In Baisakh 1st Biska Jatra 7 palanquins are gathered together in temple premises. But one palanquin (Bishwo Binayak) will not cross the Dhwakha (traditional gate to enter the city) of temple premises and stops near the Dhwakha and other all palanquins will take to temple and round the Siddhikali temple. On the left side of Siddhikali temple there is a Lhon hiti (stone tap) which still has a supernatural power. It is believed that, the stone tap has Gholi Naag and the Aasan (throne) of Bishwo Binayak has also Gholi Naag. Both Gholi Naag should not meet each other so the palanquin of Bishwo Binayak stops near to Dhwakha and will not cross that Dhwakha.
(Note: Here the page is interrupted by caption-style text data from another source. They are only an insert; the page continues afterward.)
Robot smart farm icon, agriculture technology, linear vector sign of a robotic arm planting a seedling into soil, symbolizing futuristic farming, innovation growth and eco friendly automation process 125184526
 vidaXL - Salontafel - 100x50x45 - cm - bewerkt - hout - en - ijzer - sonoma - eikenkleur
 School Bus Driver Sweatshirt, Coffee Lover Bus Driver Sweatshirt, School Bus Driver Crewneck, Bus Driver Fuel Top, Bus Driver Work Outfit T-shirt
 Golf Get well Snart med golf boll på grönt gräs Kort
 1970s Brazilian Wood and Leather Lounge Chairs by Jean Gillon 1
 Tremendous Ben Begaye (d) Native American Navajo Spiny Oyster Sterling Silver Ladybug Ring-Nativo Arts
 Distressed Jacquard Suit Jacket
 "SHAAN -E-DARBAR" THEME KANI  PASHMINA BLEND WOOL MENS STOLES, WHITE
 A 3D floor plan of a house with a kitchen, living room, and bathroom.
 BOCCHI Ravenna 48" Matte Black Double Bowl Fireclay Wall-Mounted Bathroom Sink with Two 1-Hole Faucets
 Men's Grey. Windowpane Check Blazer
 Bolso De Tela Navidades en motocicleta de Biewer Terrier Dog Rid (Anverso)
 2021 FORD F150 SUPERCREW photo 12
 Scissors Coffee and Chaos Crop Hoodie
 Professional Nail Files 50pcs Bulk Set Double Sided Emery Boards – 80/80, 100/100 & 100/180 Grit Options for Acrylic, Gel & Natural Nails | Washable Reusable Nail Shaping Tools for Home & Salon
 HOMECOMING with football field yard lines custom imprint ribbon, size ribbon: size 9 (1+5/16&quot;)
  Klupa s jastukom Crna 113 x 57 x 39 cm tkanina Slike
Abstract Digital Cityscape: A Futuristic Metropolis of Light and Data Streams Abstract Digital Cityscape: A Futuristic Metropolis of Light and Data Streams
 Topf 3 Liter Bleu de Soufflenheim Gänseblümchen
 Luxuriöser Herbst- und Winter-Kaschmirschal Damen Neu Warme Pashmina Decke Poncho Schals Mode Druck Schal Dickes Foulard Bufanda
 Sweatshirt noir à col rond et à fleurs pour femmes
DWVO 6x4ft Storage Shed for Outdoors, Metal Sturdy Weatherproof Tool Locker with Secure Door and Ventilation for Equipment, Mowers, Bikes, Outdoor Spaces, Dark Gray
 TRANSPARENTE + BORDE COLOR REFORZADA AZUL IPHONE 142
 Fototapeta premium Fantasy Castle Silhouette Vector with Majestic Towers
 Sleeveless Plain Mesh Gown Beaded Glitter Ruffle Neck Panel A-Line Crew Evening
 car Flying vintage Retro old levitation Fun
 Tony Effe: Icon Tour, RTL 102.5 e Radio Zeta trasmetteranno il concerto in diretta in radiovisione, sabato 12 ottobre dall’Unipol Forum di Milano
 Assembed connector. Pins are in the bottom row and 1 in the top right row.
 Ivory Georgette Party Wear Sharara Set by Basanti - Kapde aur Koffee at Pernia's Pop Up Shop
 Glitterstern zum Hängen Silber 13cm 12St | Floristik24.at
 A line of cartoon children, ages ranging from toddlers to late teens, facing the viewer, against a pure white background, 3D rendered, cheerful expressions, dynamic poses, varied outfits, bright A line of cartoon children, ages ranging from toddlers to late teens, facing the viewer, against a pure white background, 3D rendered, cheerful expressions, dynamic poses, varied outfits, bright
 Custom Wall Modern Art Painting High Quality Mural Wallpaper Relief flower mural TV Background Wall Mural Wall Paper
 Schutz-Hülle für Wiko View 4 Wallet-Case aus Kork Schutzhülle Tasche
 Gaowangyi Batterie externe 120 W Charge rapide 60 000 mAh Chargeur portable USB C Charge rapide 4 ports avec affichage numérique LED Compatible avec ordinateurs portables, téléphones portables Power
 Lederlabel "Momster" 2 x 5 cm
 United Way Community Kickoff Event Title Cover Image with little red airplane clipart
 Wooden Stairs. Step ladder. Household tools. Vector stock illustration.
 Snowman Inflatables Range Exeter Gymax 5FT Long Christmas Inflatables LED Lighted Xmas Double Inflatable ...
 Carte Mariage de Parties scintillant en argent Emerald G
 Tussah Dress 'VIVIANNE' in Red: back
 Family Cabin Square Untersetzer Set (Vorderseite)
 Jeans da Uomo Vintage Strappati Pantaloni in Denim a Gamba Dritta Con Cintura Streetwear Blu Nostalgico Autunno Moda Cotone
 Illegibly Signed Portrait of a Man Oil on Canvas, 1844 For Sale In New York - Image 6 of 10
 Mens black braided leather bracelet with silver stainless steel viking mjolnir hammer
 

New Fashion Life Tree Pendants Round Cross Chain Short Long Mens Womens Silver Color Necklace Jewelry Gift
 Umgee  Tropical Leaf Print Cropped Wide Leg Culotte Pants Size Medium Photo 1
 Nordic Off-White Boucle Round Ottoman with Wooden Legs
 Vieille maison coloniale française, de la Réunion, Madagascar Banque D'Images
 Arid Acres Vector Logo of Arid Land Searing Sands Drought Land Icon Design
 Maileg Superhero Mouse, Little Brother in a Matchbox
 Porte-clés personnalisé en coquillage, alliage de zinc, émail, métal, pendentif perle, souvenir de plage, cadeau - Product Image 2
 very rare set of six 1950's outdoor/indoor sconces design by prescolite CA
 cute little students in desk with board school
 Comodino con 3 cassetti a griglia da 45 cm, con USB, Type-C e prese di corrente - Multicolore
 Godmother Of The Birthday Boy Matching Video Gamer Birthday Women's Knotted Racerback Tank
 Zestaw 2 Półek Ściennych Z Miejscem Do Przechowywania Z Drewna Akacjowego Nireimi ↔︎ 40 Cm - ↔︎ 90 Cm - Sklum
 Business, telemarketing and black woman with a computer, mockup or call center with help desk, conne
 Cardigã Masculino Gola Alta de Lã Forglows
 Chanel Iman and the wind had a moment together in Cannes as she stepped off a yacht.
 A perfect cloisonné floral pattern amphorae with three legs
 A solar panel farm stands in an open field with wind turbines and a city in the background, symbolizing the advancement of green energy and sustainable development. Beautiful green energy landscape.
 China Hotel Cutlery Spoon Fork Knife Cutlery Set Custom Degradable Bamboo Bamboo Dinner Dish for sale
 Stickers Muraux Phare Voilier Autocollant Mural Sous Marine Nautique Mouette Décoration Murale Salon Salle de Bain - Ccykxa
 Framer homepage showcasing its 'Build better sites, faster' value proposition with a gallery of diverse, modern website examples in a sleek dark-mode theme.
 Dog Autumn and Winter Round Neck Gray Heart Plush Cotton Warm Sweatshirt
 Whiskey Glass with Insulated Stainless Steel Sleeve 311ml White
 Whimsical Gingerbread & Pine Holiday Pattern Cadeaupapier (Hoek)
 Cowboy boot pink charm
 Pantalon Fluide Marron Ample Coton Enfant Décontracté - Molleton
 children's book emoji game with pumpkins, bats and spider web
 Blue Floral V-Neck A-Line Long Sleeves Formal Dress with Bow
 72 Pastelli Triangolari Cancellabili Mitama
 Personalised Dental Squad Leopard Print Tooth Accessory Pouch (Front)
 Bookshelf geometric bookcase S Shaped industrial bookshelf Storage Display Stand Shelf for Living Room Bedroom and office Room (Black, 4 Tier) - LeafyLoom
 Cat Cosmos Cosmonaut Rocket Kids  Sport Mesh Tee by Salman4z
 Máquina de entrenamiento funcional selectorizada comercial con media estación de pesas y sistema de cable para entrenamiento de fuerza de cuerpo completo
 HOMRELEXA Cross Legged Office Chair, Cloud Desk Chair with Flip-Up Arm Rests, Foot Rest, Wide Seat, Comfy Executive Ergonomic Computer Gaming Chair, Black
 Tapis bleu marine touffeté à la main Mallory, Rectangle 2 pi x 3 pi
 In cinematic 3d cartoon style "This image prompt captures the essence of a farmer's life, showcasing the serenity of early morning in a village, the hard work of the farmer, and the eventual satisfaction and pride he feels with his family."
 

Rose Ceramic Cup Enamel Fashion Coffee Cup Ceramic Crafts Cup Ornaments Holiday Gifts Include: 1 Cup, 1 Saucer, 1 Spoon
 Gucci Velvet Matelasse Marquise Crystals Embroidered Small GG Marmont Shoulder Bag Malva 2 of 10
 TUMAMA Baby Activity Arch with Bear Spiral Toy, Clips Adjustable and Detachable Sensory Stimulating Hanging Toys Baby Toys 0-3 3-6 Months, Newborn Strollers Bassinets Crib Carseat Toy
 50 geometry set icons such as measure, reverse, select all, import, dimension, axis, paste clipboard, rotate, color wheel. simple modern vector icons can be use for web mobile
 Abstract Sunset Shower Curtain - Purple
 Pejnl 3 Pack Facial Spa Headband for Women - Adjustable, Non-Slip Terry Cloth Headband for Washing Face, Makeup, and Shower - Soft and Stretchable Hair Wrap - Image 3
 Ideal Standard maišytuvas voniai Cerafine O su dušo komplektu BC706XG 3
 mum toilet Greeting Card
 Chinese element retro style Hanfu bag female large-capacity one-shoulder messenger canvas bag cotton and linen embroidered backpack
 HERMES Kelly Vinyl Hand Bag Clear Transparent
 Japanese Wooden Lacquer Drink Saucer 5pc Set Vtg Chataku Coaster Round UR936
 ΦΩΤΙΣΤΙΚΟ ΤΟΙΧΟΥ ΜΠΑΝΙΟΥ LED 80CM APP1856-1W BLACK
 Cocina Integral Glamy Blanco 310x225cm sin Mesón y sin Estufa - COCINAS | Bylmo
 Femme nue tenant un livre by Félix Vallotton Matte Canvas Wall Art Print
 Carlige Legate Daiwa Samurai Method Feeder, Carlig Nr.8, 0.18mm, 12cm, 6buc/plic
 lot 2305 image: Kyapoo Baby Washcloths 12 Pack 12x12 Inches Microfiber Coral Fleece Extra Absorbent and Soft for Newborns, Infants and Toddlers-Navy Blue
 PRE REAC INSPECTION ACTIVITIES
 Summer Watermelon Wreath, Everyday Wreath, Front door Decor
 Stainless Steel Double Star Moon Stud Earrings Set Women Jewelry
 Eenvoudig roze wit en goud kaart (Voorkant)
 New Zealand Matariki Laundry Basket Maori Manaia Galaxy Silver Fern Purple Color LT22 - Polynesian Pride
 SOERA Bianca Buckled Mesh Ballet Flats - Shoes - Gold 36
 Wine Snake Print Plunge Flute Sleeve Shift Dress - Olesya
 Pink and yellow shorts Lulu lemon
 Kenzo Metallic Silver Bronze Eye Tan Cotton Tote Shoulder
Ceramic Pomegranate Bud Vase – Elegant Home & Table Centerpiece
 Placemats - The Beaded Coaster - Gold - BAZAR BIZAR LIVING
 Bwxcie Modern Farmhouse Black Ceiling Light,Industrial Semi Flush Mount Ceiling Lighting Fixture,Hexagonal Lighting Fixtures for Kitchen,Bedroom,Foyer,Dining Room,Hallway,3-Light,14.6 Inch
There are numbers of Guthi related to Siddhikali Jatra from ancient period. Each Guthi has their own responsibility during the jatra period. Siddhikali Dyo Guthi, Siddhikali Moo Dhime Guthi, Siddhikali Dhime Guthi, Chhatra Guthi, Nol Guthi, Sinha Guthi, Falcha Guthi, Dalbu Guthi, Siddhikali Basuri Khala are the some guthis related to Siddhikali Jatra.

Moo Dhime is a special Dhime in whole Thimi city. It is played with one Dhime only where other Dhime are played in groups with numbers of Dhime. A single Dhime with more Bhusya, Chwamo (Chamar) and Pankha in Biska jatra is the one of main attraction of Biska Jatra (Bisket Jatra). This Dhime is played outside only two days (Baisakh 1 and 2nd) in a year. Rest of days it is kept on hanging in Moo Dhime Chhen. Only after the arrival of Moo Dhime in jatra, the palanquin of Siddhikali is carried out. So that it has a major role during Biska jatra. This Dhime is called the symbol of Naag. The beats of this Dhime is totallay different and unique from other common Dhime beats. The Moo Dhime beats are not allowed to play by other common Dhime in jatras and in any occasions. Moo Dhime Guthi is formed to protect and play the Dhime in Biska Jatra.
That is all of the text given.